Di sisi lain, OPEC+ dalam pertemuan awal Oktober sepakat untuk menaikkan produksi minyak sebesar 137.000 barel per hari mulai November. Kebijakan ini menunjukkan bahwa meski risiko geopolitik meningkat, negara-negara produsen minyak masih fokus menjaga pasokan agar pasar tetap stabil.

Analis memperkirakan bahwa pada sisa tahun 2025, pasar minyak akan diwarnai oleh keseimbangan tipis antara permintaan yang melemah dan pasokan yang cenderung melimpah. Risiko geopolitik seperti konflik di Venezuela bisa menjadi pemicu fluktuasi tajam, tetapi tren jangka menengah masih bergantung pada kondisi ekonomi global, terutama di Asia.

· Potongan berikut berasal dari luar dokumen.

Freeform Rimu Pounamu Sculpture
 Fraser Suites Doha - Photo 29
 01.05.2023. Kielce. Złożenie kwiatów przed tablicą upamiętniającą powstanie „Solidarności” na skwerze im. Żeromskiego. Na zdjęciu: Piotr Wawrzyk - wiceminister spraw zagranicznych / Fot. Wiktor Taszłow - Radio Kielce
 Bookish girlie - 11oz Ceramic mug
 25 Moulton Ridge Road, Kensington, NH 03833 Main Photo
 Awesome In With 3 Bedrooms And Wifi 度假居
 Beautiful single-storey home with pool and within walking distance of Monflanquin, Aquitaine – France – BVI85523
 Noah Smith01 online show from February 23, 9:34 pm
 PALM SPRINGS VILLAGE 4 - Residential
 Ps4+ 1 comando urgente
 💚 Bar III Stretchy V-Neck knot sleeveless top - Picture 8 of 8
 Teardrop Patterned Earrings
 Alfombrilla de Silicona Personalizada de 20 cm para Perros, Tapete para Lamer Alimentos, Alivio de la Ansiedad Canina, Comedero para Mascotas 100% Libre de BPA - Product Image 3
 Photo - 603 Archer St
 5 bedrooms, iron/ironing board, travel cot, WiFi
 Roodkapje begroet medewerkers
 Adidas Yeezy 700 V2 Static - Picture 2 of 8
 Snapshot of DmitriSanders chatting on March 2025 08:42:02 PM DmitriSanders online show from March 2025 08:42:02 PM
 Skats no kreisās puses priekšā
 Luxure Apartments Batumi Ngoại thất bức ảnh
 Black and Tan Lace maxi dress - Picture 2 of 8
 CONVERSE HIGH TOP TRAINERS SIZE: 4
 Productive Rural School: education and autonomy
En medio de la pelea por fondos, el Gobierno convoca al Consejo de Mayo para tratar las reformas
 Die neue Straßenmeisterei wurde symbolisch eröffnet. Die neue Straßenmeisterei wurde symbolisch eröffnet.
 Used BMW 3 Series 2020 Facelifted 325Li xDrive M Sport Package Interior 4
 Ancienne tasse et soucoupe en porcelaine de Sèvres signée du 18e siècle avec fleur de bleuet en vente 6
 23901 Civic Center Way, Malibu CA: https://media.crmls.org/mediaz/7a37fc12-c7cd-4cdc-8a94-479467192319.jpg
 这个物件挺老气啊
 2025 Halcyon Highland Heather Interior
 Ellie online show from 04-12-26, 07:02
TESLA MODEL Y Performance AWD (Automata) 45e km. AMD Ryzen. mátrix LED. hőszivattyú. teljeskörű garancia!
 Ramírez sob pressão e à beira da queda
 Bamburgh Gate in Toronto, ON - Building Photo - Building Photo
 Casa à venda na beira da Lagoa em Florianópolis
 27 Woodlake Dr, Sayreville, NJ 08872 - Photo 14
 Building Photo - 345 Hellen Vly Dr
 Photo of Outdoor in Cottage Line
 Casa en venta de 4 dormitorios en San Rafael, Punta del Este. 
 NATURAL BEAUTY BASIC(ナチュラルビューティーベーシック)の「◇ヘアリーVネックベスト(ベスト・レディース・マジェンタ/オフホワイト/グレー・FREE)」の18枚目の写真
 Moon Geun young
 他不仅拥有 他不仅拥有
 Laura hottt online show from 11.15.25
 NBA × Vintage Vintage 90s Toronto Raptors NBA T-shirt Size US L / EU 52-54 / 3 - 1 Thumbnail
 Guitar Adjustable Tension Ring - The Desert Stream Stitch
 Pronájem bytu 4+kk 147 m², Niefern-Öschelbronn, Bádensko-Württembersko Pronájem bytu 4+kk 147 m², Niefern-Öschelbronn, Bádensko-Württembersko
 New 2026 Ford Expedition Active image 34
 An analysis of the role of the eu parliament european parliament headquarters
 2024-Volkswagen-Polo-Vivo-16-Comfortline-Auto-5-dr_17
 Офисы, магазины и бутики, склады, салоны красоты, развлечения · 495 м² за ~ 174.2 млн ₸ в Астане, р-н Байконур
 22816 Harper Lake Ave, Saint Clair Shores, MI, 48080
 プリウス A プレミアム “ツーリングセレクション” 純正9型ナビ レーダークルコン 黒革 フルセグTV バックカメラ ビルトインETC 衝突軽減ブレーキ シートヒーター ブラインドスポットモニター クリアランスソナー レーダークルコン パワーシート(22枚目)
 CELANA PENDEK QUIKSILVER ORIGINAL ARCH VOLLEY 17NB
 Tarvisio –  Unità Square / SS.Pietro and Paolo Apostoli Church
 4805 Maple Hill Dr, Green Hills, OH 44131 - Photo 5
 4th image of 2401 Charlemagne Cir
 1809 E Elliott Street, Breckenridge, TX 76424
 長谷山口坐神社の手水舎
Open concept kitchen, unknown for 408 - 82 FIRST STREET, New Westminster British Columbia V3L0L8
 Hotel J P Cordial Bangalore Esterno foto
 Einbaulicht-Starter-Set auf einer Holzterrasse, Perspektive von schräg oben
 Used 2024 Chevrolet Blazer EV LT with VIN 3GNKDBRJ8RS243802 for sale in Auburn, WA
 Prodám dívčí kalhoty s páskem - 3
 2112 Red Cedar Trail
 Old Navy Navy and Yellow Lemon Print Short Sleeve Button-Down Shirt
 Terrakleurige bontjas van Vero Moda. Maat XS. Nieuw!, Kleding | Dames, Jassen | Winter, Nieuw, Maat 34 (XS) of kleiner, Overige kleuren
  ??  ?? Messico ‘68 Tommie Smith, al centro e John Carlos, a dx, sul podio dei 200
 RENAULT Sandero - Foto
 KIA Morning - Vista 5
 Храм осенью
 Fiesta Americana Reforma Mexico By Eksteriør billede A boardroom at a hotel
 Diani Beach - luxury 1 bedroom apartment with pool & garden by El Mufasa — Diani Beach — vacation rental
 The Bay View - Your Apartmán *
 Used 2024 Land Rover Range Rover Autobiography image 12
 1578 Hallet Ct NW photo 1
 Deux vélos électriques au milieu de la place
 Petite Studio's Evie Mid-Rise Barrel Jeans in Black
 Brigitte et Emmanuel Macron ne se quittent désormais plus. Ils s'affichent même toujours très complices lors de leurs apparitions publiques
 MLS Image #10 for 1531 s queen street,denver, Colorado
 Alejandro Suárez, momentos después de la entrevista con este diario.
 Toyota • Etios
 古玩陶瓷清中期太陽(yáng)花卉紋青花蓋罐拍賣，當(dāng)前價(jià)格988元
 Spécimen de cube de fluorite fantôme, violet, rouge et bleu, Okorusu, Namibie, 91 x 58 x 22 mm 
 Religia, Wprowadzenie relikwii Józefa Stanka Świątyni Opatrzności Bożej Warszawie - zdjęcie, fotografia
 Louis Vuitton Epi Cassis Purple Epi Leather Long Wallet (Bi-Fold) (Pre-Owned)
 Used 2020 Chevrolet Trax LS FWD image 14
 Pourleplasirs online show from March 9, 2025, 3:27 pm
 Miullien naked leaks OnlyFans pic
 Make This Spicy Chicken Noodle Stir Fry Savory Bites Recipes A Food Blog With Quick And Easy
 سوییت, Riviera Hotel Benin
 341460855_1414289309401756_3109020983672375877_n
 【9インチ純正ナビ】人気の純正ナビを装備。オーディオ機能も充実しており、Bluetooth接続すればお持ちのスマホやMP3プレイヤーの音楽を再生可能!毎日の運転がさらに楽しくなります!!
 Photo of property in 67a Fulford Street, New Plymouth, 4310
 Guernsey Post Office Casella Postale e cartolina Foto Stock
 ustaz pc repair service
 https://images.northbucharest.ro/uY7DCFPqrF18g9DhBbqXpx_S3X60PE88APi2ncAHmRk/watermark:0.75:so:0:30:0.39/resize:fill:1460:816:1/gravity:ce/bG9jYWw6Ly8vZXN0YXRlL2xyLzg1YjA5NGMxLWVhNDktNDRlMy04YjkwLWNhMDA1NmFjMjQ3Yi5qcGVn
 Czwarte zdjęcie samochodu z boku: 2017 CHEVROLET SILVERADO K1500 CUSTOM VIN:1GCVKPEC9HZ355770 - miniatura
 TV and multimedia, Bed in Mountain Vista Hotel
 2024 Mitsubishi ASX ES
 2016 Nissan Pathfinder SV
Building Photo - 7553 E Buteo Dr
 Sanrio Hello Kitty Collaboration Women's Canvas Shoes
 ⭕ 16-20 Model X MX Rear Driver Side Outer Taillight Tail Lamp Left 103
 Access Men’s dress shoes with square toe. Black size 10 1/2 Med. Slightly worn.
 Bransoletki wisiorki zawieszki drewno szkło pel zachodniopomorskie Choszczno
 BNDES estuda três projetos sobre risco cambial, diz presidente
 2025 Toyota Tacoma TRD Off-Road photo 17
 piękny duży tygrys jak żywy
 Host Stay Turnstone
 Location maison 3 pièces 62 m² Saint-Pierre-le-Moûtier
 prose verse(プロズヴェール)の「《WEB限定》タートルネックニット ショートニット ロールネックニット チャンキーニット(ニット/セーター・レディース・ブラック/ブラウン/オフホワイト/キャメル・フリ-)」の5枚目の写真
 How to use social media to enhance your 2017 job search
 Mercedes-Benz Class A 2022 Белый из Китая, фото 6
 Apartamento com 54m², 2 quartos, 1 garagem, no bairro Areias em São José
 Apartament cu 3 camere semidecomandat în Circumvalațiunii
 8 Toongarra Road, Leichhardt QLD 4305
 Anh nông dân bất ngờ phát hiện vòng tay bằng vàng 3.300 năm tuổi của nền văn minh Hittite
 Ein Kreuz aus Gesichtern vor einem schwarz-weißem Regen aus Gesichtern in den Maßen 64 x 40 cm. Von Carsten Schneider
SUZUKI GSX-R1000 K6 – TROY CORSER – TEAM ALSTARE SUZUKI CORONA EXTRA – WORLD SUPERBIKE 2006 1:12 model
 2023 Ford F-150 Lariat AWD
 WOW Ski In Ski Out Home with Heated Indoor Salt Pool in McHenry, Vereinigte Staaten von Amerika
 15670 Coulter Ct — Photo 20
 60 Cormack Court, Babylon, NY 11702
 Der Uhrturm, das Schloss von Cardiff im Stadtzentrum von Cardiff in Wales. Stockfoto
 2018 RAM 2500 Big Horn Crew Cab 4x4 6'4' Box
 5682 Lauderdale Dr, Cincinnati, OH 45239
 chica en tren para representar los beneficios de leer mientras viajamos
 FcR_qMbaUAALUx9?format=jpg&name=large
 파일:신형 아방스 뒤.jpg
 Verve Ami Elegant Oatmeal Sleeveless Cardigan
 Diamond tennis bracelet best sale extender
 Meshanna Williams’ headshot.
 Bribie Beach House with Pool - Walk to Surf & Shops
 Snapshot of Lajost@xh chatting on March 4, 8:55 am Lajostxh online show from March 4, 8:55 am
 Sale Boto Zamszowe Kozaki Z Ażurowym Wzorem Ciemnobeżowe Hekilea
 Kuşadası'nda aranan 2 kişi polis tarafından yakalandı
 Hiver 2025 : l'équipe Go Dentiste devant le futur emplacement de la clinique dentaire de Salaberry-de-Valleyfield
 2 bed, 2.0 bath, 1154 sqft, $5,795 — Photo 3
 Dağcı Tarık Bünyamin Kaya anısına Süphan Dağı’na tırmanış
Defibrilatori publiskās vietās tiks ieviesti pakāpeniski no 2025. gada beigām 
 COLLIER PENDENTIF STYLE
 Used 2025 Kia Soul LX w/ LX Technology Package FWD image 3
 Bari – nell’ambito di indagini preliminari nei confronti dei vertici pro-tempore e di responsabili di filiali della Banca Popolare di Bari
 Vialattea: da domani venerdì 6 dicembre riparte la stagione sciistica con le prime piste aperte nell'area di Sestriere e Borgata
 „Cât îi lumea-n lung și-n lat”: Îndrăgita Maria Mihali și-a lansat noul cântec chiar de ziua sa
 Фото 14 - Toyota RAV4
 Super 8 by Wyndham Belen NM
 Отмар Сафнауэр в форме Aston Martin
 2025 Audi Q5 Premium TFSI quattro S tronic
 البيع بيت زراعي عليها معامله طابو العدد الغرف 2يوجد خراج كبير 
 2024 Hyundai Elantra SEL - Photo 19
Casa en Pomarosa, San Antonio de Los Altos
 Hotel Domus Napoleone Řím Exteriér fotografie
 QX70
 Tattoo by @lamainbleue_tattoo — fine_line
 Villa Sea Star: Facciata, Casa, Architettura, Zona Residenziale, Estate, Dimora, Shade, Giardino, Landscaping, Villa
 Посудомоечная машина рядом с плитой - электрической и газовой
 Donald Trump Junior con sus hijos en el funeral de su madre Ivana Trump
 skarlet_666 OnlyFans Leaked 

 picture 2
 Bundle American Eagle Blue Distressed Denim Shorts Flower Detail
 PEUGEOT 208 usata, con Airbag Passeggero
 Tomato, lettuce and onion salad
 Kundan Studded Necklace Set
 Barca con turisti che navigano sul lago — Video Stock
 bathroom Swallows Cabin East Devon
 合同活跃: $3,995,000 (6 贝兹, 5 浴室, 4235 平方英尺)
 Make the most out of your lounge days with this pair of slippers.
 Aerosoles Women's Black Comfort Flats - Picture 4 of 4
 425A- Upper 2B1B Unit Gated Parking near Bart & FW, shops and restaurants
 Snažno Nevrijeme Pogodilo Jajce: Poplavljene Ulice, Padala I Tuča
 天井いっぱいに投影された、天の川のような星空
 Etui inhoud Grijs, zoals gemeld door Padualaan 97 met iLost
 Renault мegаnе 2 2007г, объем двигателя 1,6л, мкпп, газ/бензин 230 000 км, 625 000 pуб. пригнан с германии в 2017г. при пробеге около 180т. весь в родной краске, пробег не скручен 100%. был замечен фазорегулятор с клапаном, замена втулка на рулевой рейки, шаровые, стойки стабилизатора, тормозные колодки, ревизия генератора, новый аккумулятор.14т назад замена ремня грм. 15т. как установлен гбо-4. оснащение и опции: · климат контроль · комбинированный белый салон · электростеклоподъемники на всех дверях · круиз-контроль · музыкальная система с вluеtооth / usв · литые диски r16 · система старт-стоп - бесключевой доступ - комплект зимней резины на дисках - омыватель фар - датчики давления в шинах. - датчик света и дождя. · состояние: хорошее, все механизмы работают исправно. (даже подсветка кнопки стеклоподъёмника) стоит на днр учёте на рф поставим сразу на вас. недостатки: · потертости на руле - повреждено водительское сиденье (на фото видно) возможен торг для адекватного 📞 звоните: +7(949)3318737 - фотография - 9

Dampak bagi Indonesia dan Pasar Global

Bagi Indonesia, yang masih bergantung pada impor minyak mentah, fluktuasi harga global ini berpotensi memengaruhi biaya energi dan kebijakan subsidi pemerintah. Jika harga minyak melonjak tajam akibat gangguan pasokan, maka beban subsidi dan tekanan inflasi dapat meningkat.

Sebaliknya, jika pasokan global tetap longgar dan harga kembali turun, pemerintah memiliki ruang lebih besar untuk menekan pengeluaran subsidi dan menjaga stabilitas harga BBM domestik.

Bagi investor dan pelaku pasar energi, kondisi saat ini menuntut kewaspadaan tinggi terhadap dua hal: data permintaan dari China dan kebijakan produksi dari OPEC+. Kombinasi keduanya akan menentukan arah harga minyak dalam beberapa bulan ke depan.

Kesimpulan

Kenaikan harga minyak baru-baru ini menunjukkan betapa sensitifnya pasar terhadap isu geopolitik. Walaupun ancaman serangan AS terhadap Venezuela belum terbukti, kekhawatiran akan gangguan pasokan membuat harga bergerak naik. Namun, fundamental ekonomi global yang masih rapuh dan kebijakan produksi OPEC+ dapat menahan lonjakan lebih lanjut.

Dalam jangka pendek, pasar akan terus bereaksi terhadap berita geopolitik, tetapi dalam jangka menengah hingga panjang, keseimbangan antara pasokan dan permintaan tetap menjadi faktor penentu utama arah harga minyak dunia.